From: Twink (neptune@mars.superlink.net)
Date: Tue Nov 25 1997 - 17:31:43 MST
>At 17:18:46 Tue, 25 Nov 1997 +1100 (EST) Bradley Graham Weslake
<bgw03@uow.edu.au> wrote:
>>>>There are a multitude of other observed phenomena which align
>>>>well with the theory of a closed universe, as well as theoretical
>>>>reasons for believing that such a case is probable.
>>>
>>> Doesn't this contradict your initial statement?
>>
>>No it does not. In the first instance I said that *observations* tend at
>>this stage to support an open universe. In the second instance I said
>>that there are many *theoretical* reasons for believing a closed
>>universe is probable.
Don't want to nitpick too much, but your statement was "There are a
multitude of other observed phenomena which align[sic] well with the
theory of a closed universe, as well as theoretical reasons for believing
that such a case is probable." (The statement this contradicts is your
qualified admission that "...I agree that current observations tend to
suggest an open universe...") The first part of that sentence seems
to me to translate into there being _evidence_ for a closed universe.

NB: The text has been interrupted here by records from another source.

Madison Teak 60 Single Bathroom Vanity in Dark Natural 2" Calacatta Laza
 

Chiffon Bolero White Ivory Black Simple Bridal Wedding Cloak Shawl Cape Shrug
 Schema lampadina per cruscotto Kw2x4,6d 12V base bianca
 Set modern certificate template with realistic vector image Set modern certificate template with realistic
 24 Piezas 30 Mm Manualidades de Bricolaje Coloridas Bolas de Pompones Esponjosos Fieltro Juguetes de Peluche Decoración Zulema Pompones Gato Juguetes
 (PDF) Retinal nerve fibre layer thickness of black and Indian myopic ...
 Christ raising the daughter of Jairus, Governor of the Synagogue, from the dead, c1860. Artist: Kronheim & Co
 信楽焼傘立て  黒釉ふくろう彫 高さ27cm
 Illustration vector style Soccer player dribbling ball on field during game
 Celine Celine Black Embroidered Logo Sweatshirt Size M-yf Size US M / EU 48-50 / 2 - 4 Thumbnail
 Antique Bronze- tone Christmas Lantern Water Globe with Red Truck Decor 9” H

What is this evidence? And why would there be good theoretical
reasons if somewhere the theory did not match up with some facts?
It appears the universe is open, but I'm interested in why, if it does,
do some still maintain otherwise. What reasons do they have? And
are these reasons valid and tractable? In the interim, we might do
well to discuss/try to understand the idea of an open, globally
hyperbolic universe -- rather than be shackled to the current
Standard model, which might become obsolete.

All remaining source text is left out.